A word-for-word copy of the listing is required, and it must contain no pictures.

:: SUPPLIED DATA ::

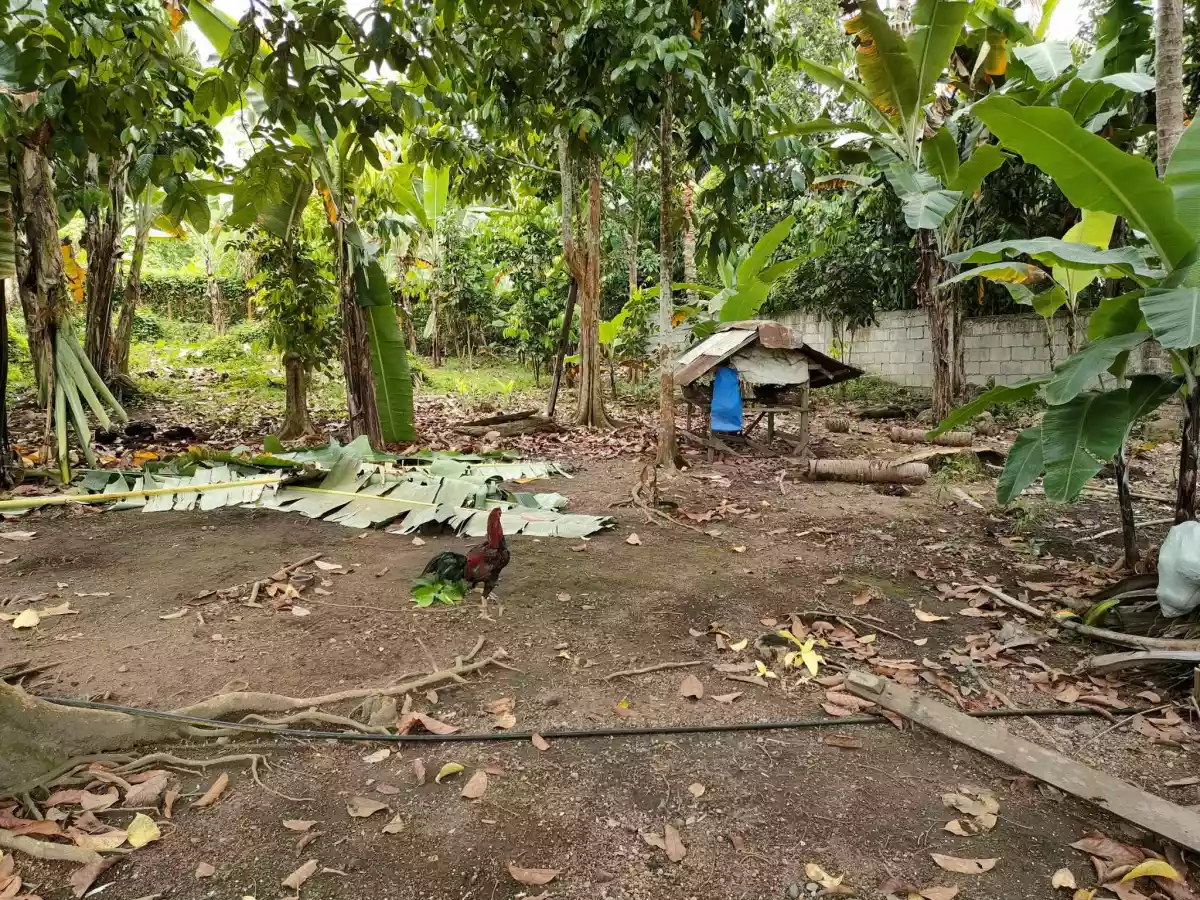 429 SQM. LOT FOR SALE IN JAWA VALENCIA - photo 4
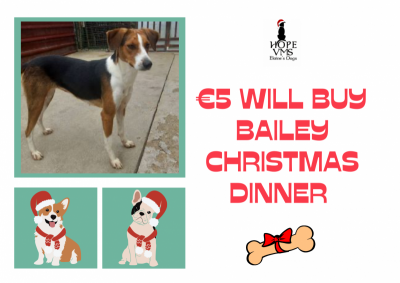 Buy Bailey Christmas Dinner For Just 5 Euros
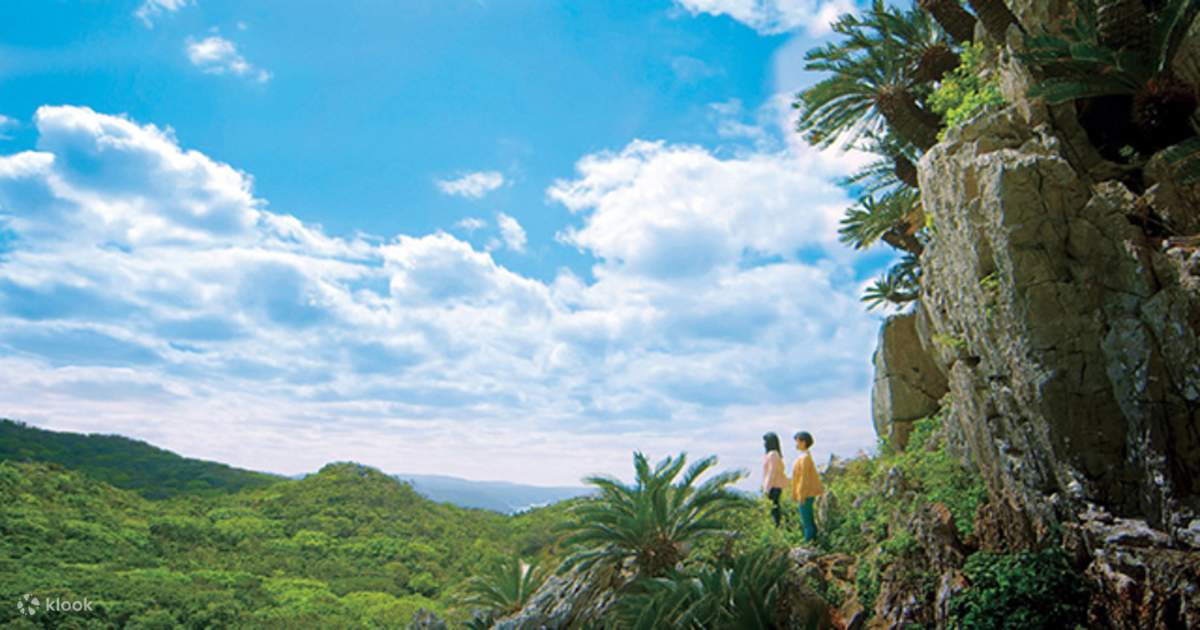 Klook Exclusive Okinawa Rail Ecology Center Mangrove Daisekirinzan Yambaru National Park Nature Tour Klook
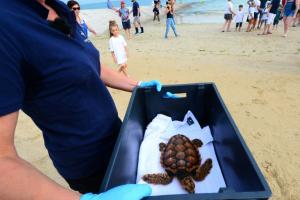  Sur l&#039;Île de Ré, des tortues retrouvent l&#039;océan après avoir été soignées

:::

ANSWER BELOW:
 429 SQM. LOT FOR SALE IN JAWA VALENCIA - photo 4
 Buy Bailey Christmas Dinner For Just 5 Euros
 Klook Exclusive Okinawa Rail Ecology Center Mangrove Daisekirinzan Yambaru National Park Nature Tour Klook
  Sur l&#039;Île de Ré, des tortues retrouvent l&#039;océan après avoir été soignées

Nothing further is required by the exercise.